ベルシー駅の落書き(フランス/パリ)

 その旅も最後の行程に差し掛かろうとしていた。ローマからミュンヘン、ベルリン、ブレーメン、パリと夜行列車で巡ってきて、またローマに戻る。長距離列車に乗るのはこれが最後で、手元のレイルパスも残り2日分を残すだけだった。
 まだ、最後にローマが残っている、と胸を高鳴らせるべきか、反時計回りの旅も残り四半周分と名残惜しむべきかとらえどころのないまま、ベルシー駅にやってきた。ここから、ローマ行きの夜行列車、アルテシアナイトに乗る予定だ。

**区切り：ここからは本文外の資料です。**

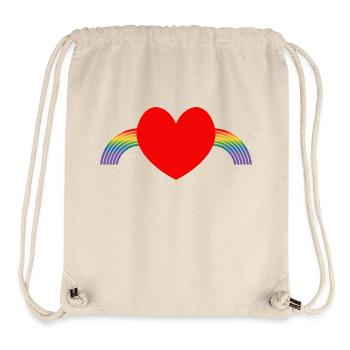 Rainbow pride heart - Stanley/Stella Recycled Gym Bag - natural - Front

 豪奢なリヨン駅や北駅と違って、ベルシー駅はひなびた駅だった。2階建ての駅舎に入ると、すぐ目の前がホームになっていて、まるで操車場に申し訳程度に屋根と若干の売店を付けた、そんな印象を受けた。ベンチの大半は埋め尽くされていて、僕と同じように、イタリア方面への夜行列車を待っているであろう、旅行者たちが荷物を抱えながら、暇そうに発着案内板を眺めている。

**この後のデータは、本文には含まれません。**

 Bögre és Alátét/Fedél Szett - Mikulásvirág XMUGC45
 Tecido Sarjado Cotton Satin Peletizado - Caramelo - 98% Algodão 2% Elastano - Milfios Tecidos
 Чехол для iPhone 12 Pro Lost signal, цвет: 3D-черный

 さて、これからどうしよう、と迷う。パリ市内まで戻るには時間が足らないし、荷物を抱えて地下鉄にのるのは気が張ってしょうがない。外に出てみると、都合よく灰皿が立っていた。夜行列車の途中でたばこを吸うとしたら、どこかホームに喫煙所のある駅で運転停車か、長期停車する機会を見つけるしかない。入線時間まで灰皿の前で過ごすことにした。

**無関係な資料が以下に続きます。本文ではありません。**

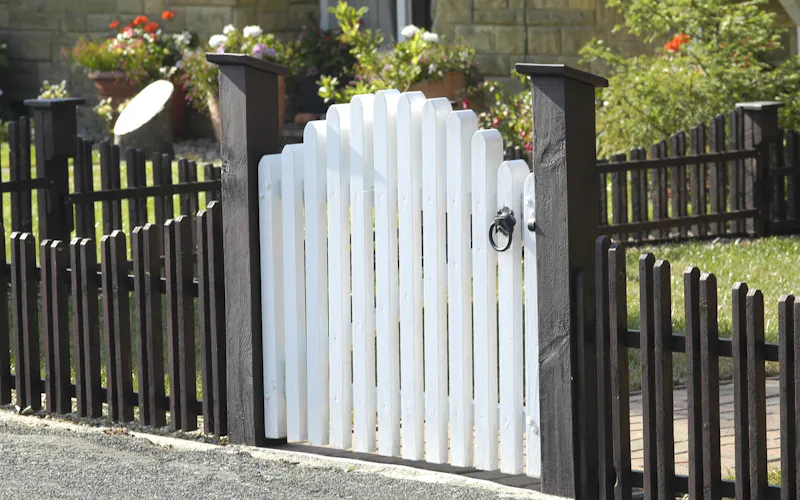 An image of a garden gate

 一服しながら、駅を眺めてみる。お世辞にも、花の都の玄関口にふさわしいとは言えない、その駅舎は、どこか懐かしい気持ちすら抱かせる。日本海側の地方駅といわれても信じてしまいそうだ。ふと、駅舎の端を見ると、黒い通用口に赤い蛍光色が浮いているのが見えた。
 スーツケースを手にした女性が、ドアノブに手をかけて、旅立とうとしている。夕日が差し込んで、いっそう蛍光色が鮮やかに映えている。そうか、僕もまだ旅の途中だった。落書きの中で、夕日のパリを旅立つ女性の背中をみて、思い出した。
 それからもう一つ。腐っても、ここはパリだということを思い知らされた。



●とき
 2011年9月4日
●ところ
 パリ、ベルシー駅の通用口


●アクセス
 少なくとも、アルテシアナイトについては廃止となったため、次に行く機会があるかはわからない。また、落書きという性質上、10年以上経った今も残っているかは定かではない。